* _PROMPT_
Begin at the line with "May include: A" and output every line through the end of the records, exactly as given. Omit pictures.

* _RECORDS TO USE_
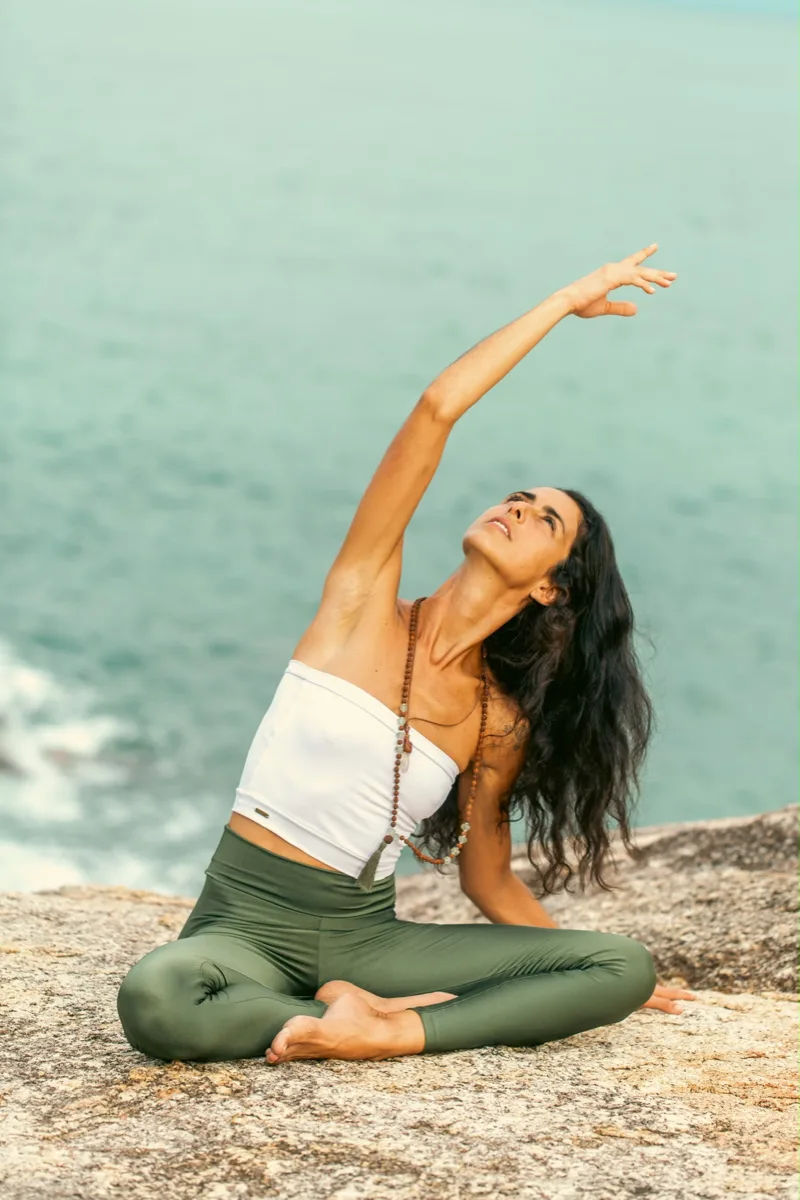 Marcela stretching on a rock by the sea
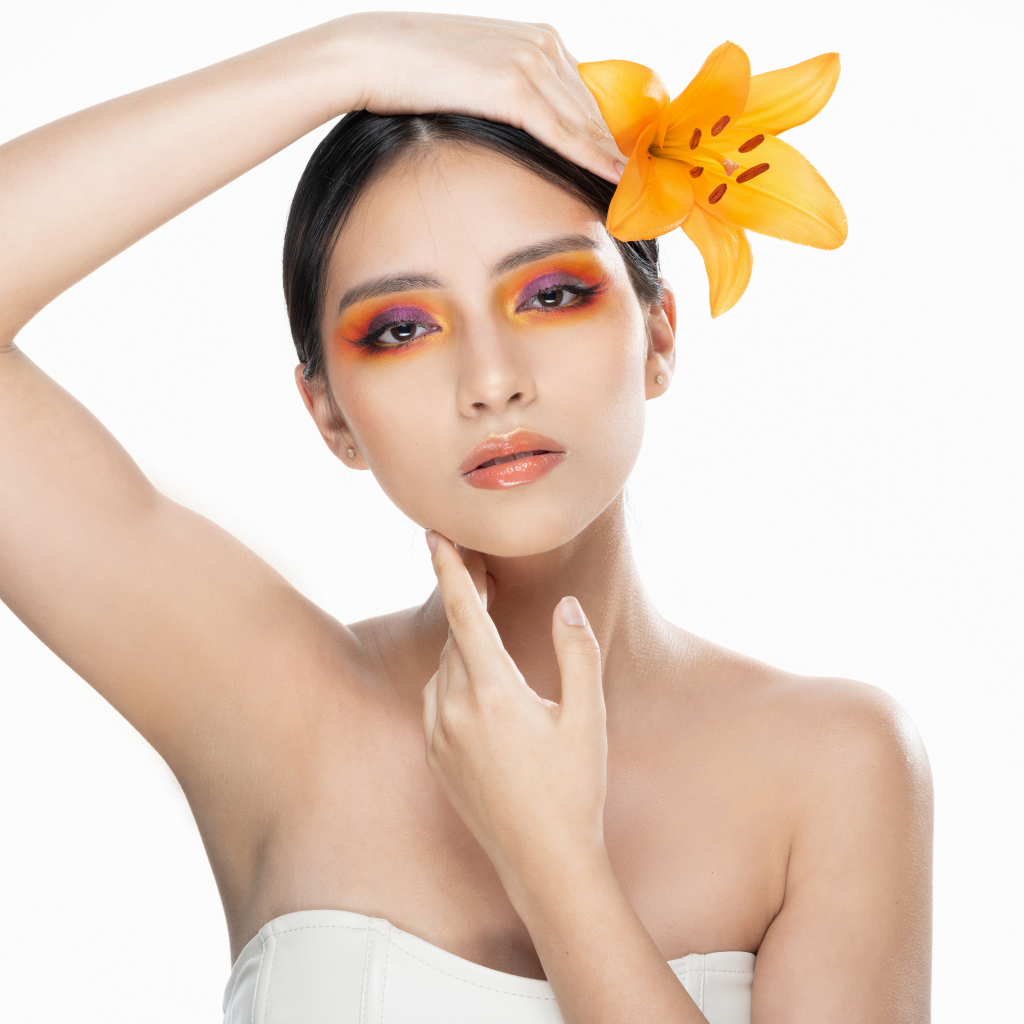 Красивая девушка с цветком лилии в волосах на белом фоне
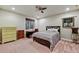 Bedroom features a bed, desk, dresser, and window with blinds at 3534 Starry Night Loop, Castle Rock, CO 80109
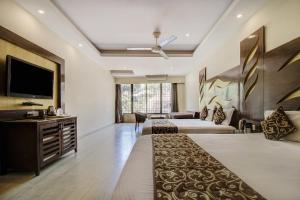 a hotel room with two beds and a flat screen tv at Hotel Royale Palace in Mount Ābu
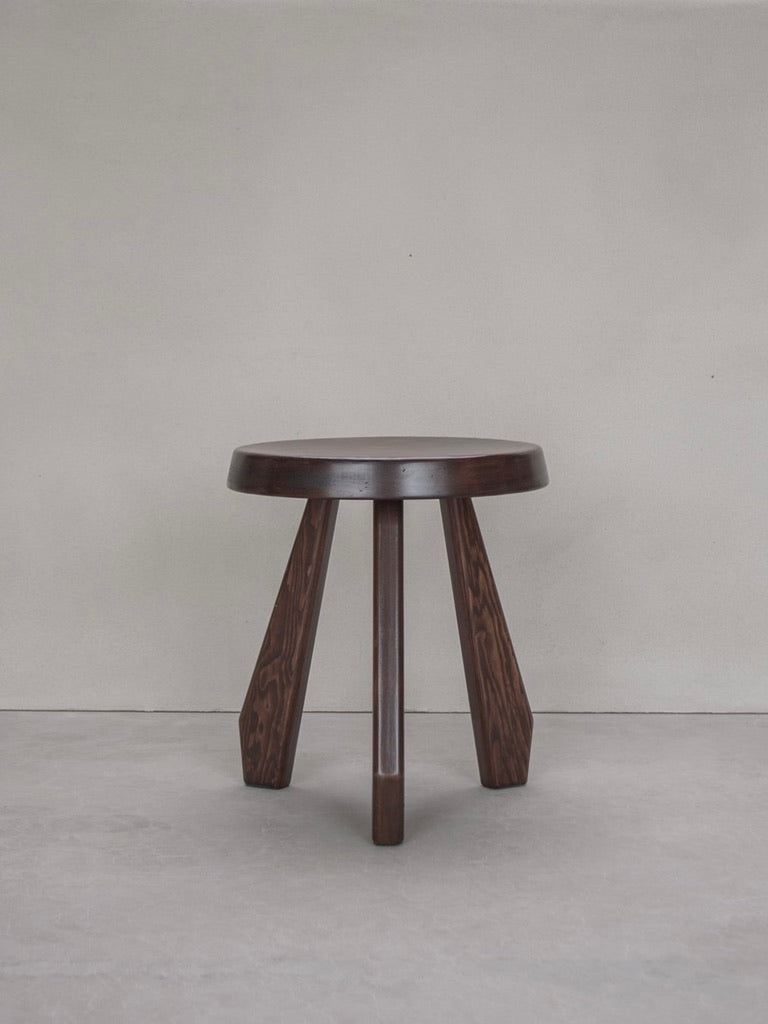 The Bicci de' Medici Charlotte Perriand - Sandoz Stool, featuring a round seat and three angled legs, stands out against a gray wall and floor. This mahogany piece has a dark polished finish that brings timeless elegance to any setting.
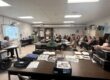Students sit around dark brown tables looking at a display board with information on it. The board can not be seen clearly in the photo.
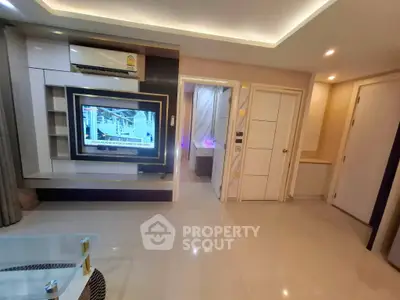 Modern living room with sleek design and built-in TV unit in a stylish apartment.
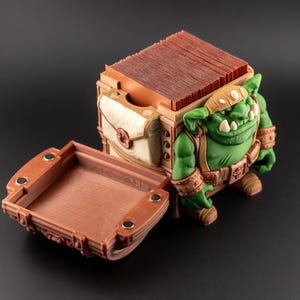 May include: A detailed, open treasure chest with a green goblin figure. The chest is brown with a white and tan pouch. The goblin has a green complexion, a brown headband, and wears a brown belt and wristbands. The chest's tray is open.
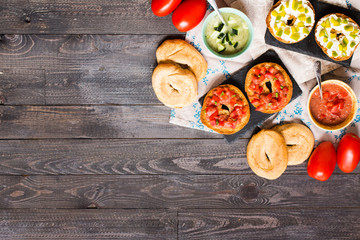 Fototapeta na wymiar Italian bruschetta with cheese, tomato sauce, cucumber sauce, and herbs, on a wooden background.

* _ANSWER FOR THE TASK_
 May include: A detailed, open treasure chest with a green goblin figure. The chest is brown with a white and tan pouch. The goblin has a green complexion, a brown headband, and wears a brown belt and wristbands. The chest's tray is open.
 Fototapeta na wymiar Italian bruschetta with cheese, tomato sauce, cucumber sauce, and herbs, on a wooden background.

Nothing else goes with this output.